A city law firm has criticised HM Revenue and Customs (HMRC) for paying informants to provide details on possible tax evasion, saying there were "ethical risks" tied to the practice.
RPC said the practice of paying informants opened up the risk of increased data theft as disgruntled employees with an axe to grind could be persuaded into leaking information. HMRC paid informants more than £343,000 for intelligence on potential tax evasion in 2017/18.
The practice is not only used in corporate settings: it has been used by HMRC to receive information from couples on the brink of divorce about the finances of their partner after relations have broken down.
In both cases, there was the risk that false or misleading information could be passed on to the authorities who may then open up an unnecessary investigation, RPC said.
RPC tax partner Adam Craggs said: “Concerns have been raised that paying informants for intelligence on tax evasion might appear to legitimise data theft, raising both legal and ethical issues.
“HMRC appear to be willing to utilise any information that they receive, irrespective of its provenance, as they did when they received stolen data from HSBC Suisse. It seems that as long as the data may increases the tax yield, HMRC will utilise it.”
HMRC has been ramping up its crackdown in recent years following a wave of public anger at large corporations such as Apple and Amazon avoiding tax. This year, the retail giant paid a tax bill of just £1.7m, despite reporting a turnover of £2bn. Amazon has said it paid all the taxes required by UK law.
A spokesperson for HMRC said: "It is only right that people who have information that could help us to investigate tax evasion are able to get that information to us quickly and easily. The vast majority of people pay their taxes and rightly expect us to tackle the minority who seek to evade making their lawful contribution to our vital public services.
"All personal data is protected by law and our fraud hotline operates within that important legislation."

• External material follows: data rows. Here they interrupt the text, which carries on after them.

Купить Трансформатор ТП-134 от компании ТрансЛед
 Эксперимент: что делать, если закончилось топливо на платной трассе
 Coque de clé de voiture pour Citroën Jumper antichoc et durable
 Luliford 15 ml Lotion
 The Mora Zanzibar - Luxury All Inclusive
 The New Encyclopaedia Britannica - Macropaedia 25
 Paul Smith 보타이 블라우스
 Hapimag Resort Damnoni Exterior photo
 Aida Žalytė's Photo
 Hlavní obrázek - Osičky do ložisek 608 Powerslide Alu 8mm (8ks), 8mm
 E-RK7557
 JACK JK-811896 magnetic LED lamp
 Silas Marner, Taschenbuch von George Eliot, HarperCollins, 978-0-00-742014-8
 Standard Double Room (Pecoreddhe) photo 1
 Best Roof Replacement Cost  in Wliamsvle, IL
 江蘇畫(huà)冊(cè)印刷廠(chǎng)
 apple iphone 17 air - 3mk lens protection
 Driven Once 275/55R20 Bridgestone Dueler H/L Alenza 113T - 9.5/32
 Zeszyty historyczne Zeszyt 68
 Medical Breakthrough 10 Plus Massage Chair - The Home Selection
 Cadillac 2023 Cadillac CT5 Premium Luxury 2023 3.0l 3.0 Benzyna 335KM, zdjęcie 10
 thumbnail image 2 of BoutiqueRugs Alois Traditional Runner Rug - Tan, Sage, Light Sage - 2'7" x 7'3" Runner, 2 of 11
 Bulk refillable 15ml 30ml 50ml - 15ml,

Other practices employed by HMRC to claw back tax receipts have also come under scrutiny. They include having the power to take money directly from a taxpayer's bank account; accelerated payment notices, whereby HMRC can demand the payment of a tax bill within 90 days and without first establishing in a tax tribunal whether tax is liable; and the use of private sector debt collectors who are known to adopt aggressive methods in tax collection.